> Assignment: An exact copy of all the data is needed, with every picture left out.

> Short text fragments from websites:
Content starts

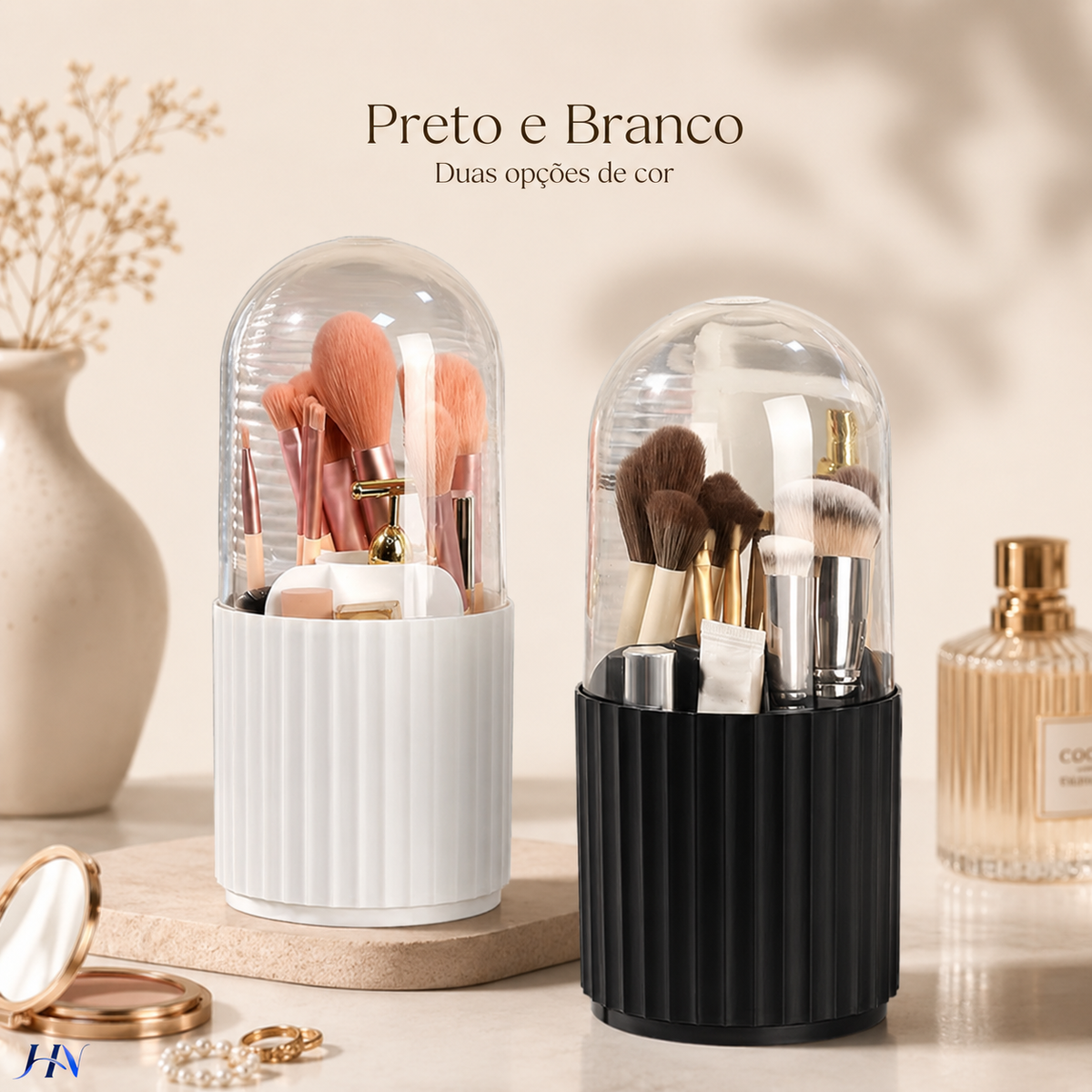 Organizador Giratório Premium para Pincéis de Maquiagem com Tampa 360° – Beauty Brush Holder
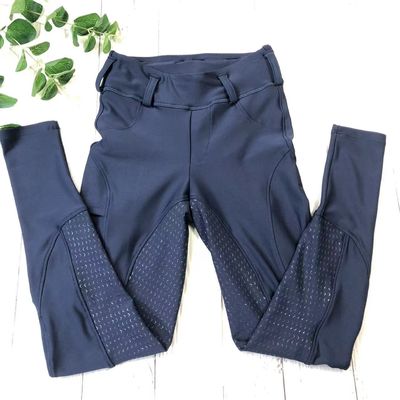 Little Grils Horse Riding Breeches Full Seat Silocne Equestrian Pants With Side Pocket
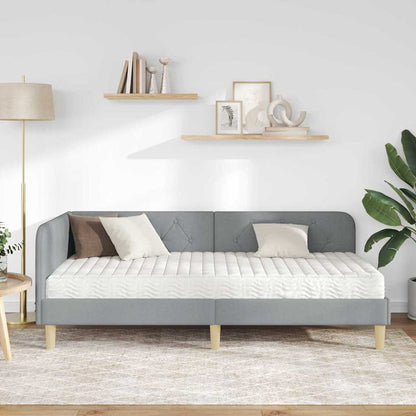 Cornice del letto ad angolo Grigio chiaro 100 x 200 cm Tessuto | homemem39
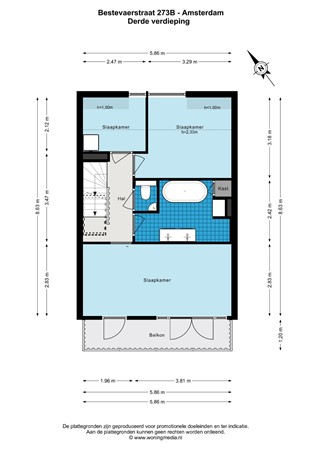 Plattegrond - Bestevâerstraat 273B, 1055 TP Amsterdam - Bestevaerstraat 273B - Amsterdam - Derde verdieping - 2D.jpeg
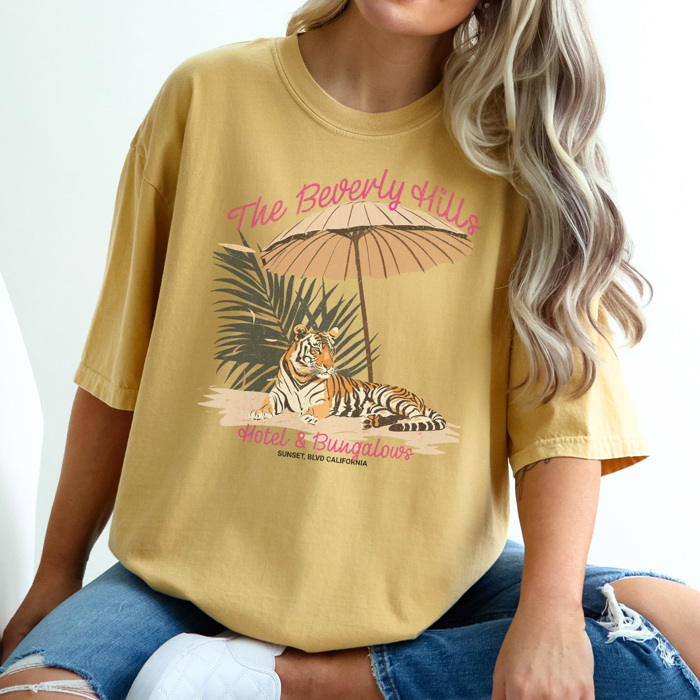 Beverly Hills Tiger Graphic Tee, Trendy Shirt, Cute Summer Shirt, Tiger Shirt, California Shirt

Content ends

> Result of this exercise:
 Organizador Giratório Premium para Pincéis de Maquiagem com Tampa 360° – Beauty Brush Holder
 Little Grils Horse Riding Breeches Full Seat Silocne Equestrian Pants With Side Pocket
 Cornice del letto ad angolo Grigio chiaro 100 x 200 cm Tessuto | homemem39
 Plattegrond - Bestevâerstraat 273B, 1055 TP Amsterdam - Bestevaerstraat 273B - Amsterdam - Derde verdieping - 2D.jpeg
 Beverly Hills Tiger Graphic Tee, Trendy Shirt, Cute Summer Shirt, Tiger Shirt, California Shirt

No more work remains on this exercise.